Rappol
[Quiero romper una lanza, un escudo, dos chozas, tres baobabs y, quizá, rebanar un par de clitoris, por El Hijo de la Paqui. Aquel que alguna vez colaboró en la gloria de este equipo, precisamente, ante equipassos europedos entrenados por homosexuales: gracias Rodrygo. A veces veo que ustedes no pueden, precisamente, ver las señales que el Dios del Fúrgol nos está poniendo a todos delante. A veces, digo, siento que el espíritu del buen Custer —ese que ni siquiera él mismo conocía—, me invade como un escupitajo que cae fuera de su objetivo y que apenas impregna, como los ventiladores esos que echan agua en las terrazas de verano. Y en la noche custerizada o, más bien, en su pastiche lamentable; porque Custer siempre será Custer, enormes su batín, zapatillas y señora Colombo —ya casi no puedo recordar tal cúmulo de genialidades, artificios, luces y sombras—, sólo puedo aspirar a pedirles que crean. ¡Crean! ¡CREAN!

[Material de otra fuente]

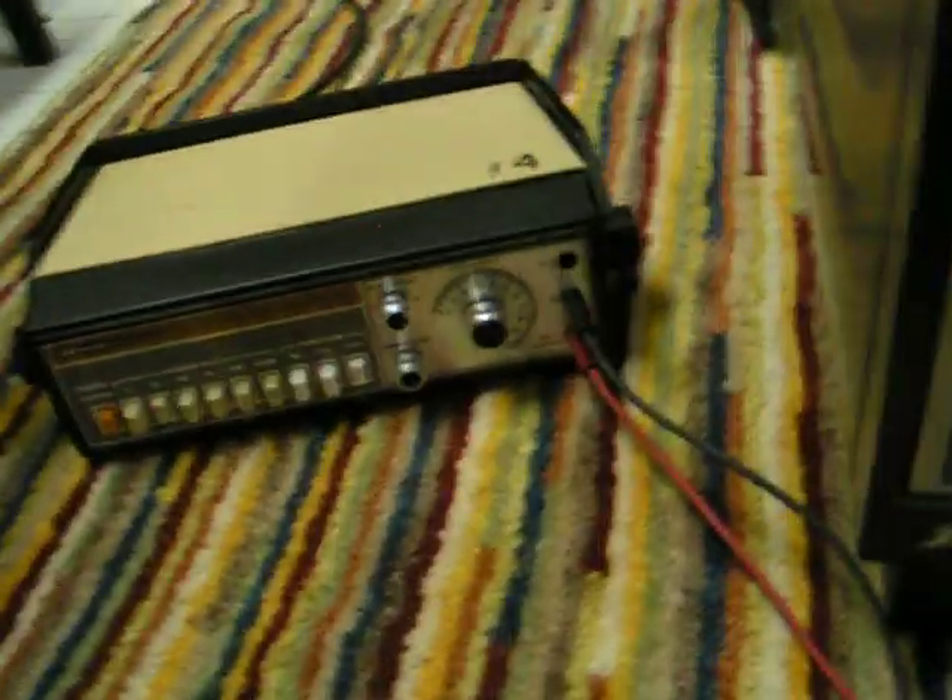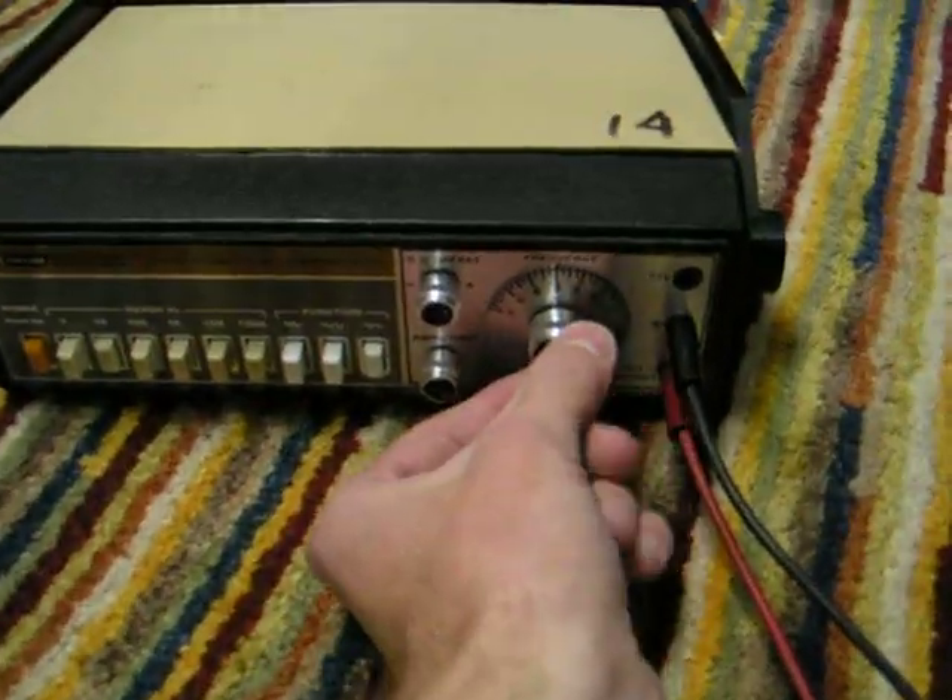Now I'll adjust the frequency of the oscilloscope to a higher level. And lower level.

Adiós, Cyd, Hijo de Paqui, gloria te espere en las telenovelas, deseo]
El Socio
Sí, bueno, ¿no? Lo de Peloto ha sido uno de los romances más breves en la historia de las grandes promesas del banquillo madridista. Vino para dejar contentos a todos y ahí está, sin dejar contento a nadie, pero aaaa-migo, acumulando una cantidad de anécdotas que le dejarán la vida resuelta; ya estoy visualizando el libro que alguien le escribirá, dedicado a Dick Turpin y narrando sus dos etapas en el Madrid, con mordaces comentarios sobre la falta de competitividad de las nuevas generaciones, en contraste con la impecable ética de trabajo del ex lateral.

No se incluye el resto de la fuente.